Data supplied:
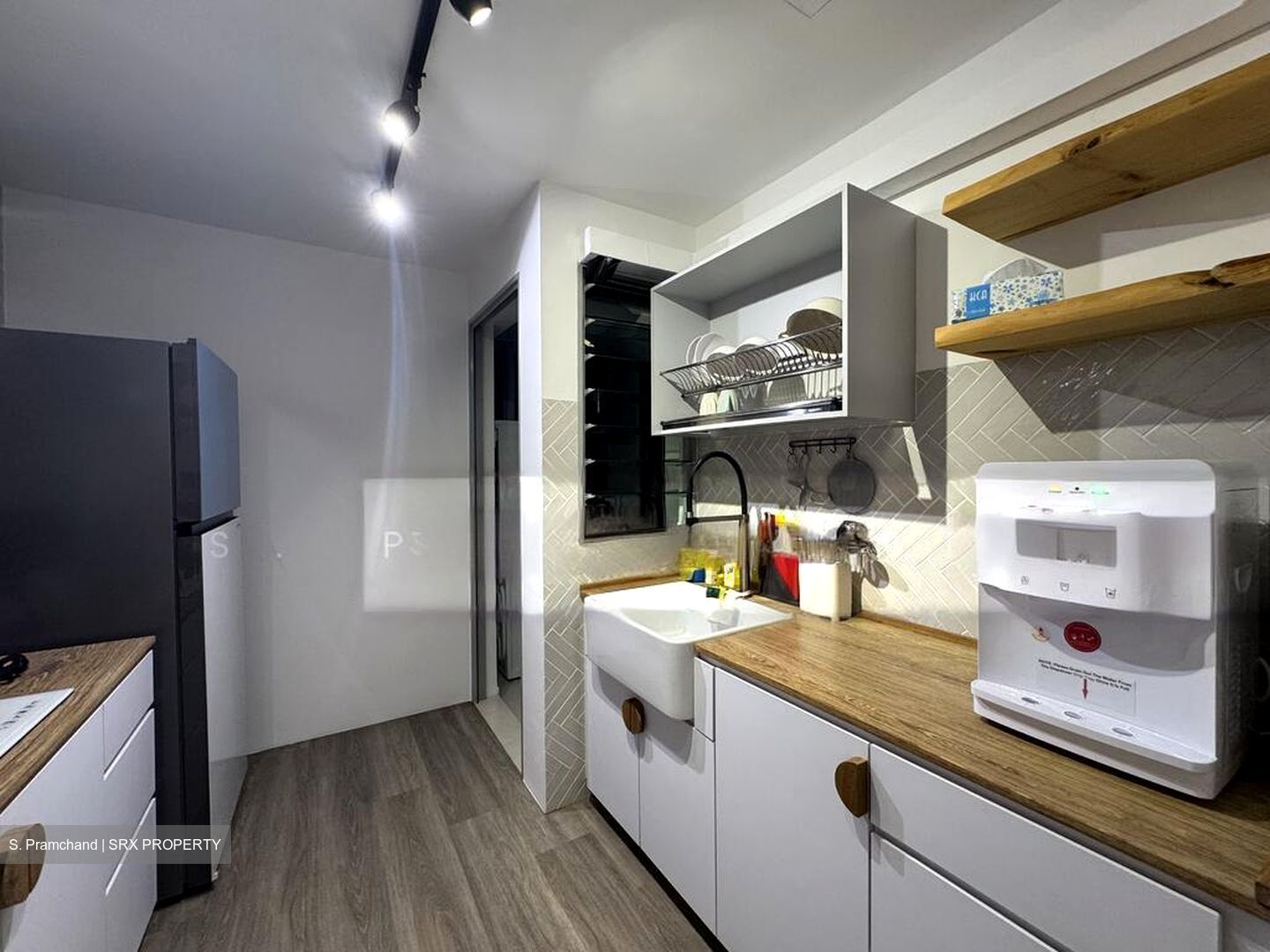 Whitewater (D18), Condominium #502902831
--
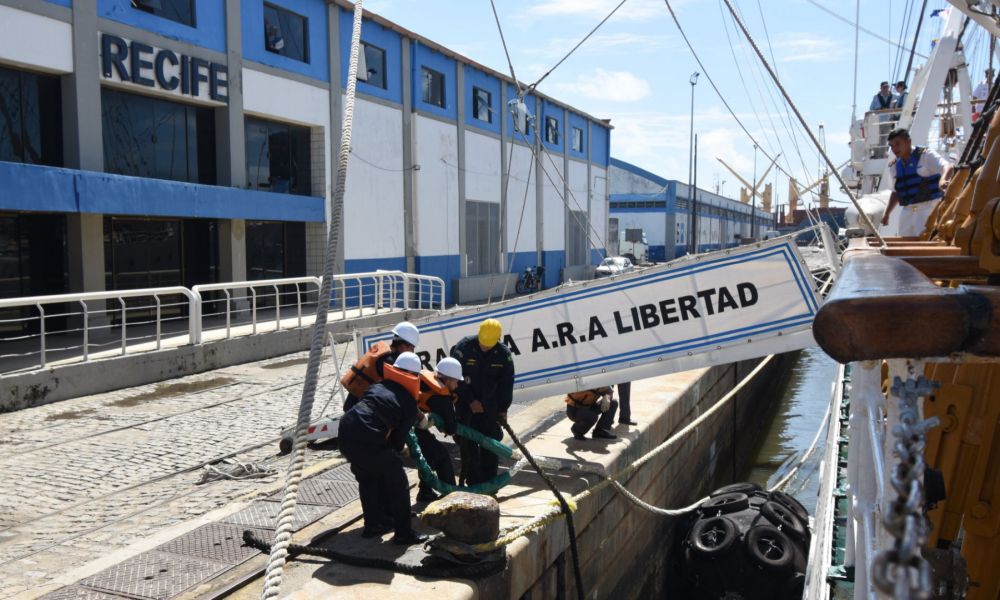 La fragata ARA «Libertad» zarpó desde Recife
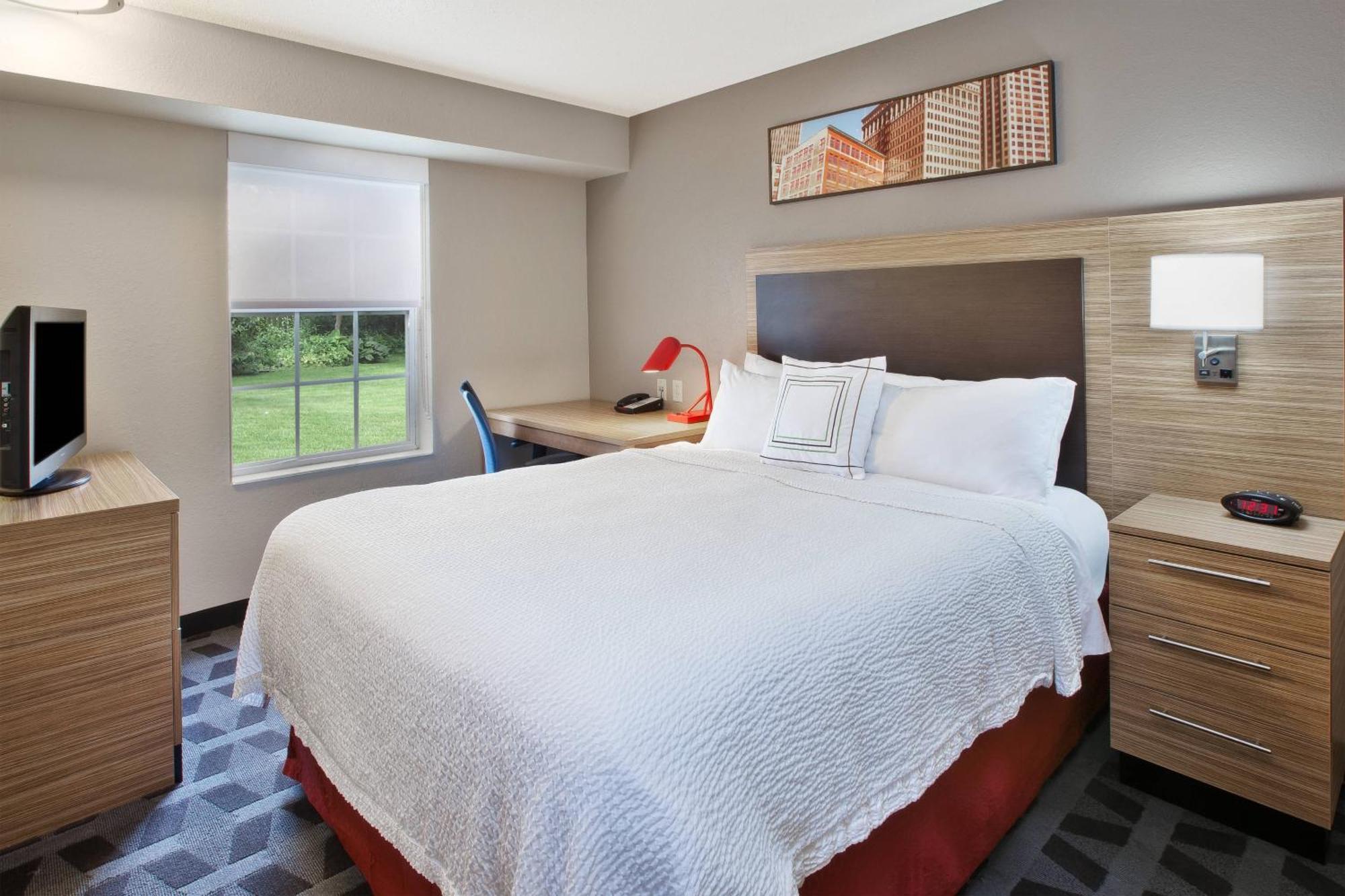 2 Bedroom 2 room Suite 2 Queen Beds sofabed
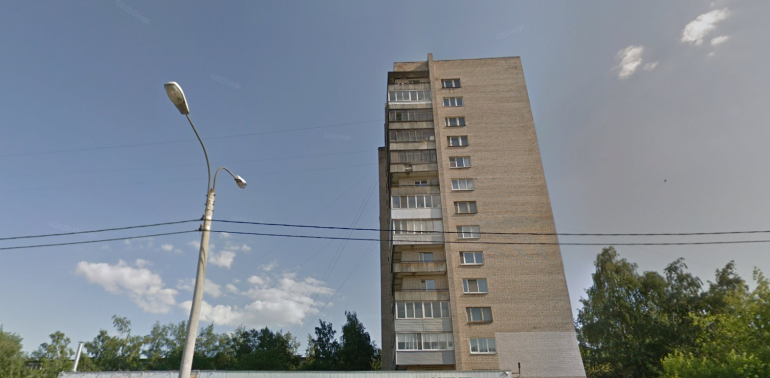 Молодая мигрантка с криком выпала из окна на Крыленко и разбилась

What you need to do: Your answer must be everything above from the line with "2 Bedroom 2 room Suite 2 Queen Beds sofabed" down to the line with "Молодая мигрантка с", word for word, and no pictures.

Solution to the problem:
 2 Bedroom 2 room Suite 2 Queen Beds sofabed
 Молодая мигрантка с криком выпала из окна на Крыленко и разбилась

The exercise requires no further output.